How to find your next team member?
Recently, we were looking for a new team member. In order to find out what skills we were missing and to create a job posting, we used a tool called Team Competency Matrix. In short: a Team Competency Matrix shows you which skills are present and which are currently lacking in a team.
How does that work?
We did a workshop with the whole team (developers, UI/UX designer, product owner as well as our agile coach). The session was split into 2 parts. In the first part, we would gather all the skills needed in our daily work and in the second part, we would map our team’s skills to the required skills.
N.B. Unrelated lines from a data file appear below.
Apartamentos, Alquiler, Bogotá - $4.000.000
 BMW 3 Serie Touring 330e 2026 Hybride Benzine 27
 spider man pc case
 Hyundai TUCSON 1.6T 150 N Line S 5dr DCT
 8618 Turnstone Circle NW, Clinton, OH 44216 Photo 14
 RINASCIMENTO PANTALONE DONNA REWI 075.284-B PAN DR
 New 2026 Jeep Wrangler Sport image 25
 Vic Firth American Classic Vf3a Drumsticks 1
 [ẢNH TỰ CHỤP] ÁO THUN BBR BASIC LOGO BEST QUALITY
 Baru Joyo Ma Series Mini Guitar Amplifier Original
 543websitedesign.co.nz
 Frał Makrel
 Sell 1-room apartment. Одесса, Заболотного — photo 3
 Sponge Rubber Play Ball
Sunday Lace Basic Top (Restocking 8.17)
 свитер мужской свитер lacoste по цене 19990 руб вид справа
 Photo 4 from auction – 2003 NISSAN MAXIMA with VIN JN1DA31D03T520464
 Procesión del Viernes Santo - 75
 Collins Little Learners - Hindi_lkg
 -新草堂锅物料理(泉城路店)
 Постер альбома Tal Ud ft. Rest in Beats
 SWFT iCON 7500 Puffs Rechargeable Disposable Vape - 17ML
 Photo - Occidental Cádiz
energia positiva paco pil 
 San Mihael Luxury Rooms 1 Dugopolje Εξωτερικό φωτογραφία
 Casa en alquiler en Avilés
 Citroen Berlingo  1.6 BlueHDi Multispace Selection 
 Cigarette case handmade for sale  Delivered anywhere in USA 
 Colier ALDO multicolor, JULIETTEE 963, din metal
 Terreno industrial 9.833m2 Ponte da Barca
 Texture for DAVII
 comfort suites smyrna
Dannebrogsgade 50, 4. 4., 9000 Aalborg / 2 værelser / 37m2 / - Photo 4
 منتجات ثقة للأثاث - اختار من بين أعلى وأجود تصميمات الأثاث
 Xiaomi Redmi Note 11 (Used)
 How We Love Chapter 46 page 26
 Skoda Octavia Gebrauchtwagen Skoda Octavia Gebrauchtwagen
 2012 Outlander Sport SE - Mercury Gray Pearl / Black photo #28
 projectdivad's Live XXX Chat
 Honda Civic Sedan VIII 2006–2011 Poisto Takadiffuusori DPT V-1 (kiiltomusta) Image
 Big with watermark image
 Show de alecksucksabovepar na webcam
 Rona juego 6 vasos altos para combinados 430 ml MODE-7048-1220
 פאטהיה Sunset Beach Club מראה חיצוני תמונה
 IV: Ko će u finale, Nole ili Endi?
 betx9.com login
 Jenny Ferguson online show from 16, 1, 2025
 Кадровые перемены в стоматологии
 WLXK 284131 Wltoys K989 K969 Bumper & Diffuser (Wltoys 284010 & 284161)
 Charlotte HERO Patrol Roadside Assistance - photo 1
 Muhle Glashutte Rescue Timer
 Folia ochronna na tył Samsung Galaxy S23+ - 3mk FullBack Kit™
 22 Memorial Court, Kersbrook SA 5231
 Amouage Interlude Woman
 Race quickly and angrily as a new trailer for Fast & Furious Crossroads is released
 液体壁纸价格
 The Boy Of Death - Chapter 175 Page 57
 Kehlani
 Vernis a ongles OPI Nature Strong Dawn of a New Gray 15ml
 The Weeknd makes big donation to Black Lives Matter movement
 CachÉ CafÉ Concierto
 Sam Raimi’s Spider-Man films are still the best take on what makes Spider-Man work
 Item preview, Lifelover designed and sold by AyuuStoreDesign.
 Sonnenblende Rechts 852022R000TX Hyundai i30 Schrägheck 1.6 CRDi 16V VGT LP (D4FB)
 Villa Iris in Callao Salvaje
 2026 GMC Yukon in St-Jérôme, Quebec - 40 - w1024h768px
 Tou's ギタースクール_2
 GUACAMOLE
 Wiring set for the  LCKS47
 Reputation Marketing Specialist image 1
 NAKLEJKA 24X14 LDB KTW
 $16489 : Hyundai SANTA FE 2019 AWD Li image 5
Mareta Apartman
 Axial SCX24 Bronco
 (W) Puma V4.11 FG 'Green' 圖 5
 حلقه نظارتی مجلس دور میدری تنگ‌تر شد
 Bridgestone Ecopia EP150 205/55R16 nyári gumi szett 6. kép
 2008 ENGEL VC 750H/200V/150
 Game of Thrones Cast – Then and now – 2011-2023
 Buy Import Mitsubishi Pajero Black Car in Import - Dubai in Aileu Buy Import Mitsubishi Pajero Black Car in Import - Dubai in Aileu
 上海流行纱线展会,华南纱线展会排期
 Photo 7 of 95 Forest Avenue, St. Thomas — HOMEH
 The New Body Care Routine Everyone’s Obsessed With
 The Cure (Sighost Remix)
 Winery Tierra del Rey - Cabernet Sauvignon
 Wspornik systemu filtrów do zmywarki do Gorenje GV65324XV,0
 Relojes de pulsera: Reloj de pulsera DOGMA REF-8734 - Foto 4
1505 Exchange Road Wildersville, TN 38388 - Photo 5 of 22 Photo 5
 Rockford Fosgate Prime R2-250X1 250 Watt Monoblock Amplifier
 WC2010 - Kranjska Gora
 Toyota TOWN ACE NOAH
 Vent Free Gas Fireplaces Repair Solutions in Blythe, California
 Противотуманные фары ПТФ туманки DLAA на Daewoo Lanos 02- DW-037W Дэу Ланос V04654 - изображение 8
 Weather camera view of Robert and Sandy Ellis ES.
Step 1: Gather required skills
This was done similarly to a brainstorming session. We would use Mural as a digital whiteboard and everyone wrote down all the skills that are required during our daily work. This part was really insightful. It provided a good overview of the status quo and was also really valuable to reflect on what we are actually doing during the day.
The skills collected contained items like:
- PHP
- Unit / Integration Testing
- API Design
- Graphql
- User Journeys
- Splunk
- Code Reviews
- Frontend Tests
- Docker
The collection was a lot bigger, so in the next step we had to group those skills as a preparation for step 2.
Step 2: Creating the Team Competency Matrix
The collected skills from part 1 were added to a google sheets table.
Everyone would self-assess how well they know a certain skill using the following criteria:
- green (1): I can teach that
- yellow (2): I can do that
- red (3): no clue
Using that result, we could count the green team members for each skill and easily determine the required skills for our job posting. But keep in mind: some skills require more people, other skills require fewer people. In a typical development team, it’s probably fine if 1 or 2 people take care of user journeys; but there should be more people who write code.
Key learnings
Using the Team Competency Matrix was not hard and didn’t take much time. We spent like 90 minutes doing it. It was very valuable to get everyone on the same page where we were as a team and what gaps we had. We realized during the workshop that it is crucial to be very clear on what the colors (or numbers) mean. We made the mistake of switching from numbers to colors which caused confusion. I highly recommend using numbers and having the background colors adjust automatically based on the number.
Additionally, self-assessing your skills is always a good exercise in order to find areas where you want to further develop yourself and grow in your position.
In the end we were able to craft a well-matching job description for our team and actually already found our next team member!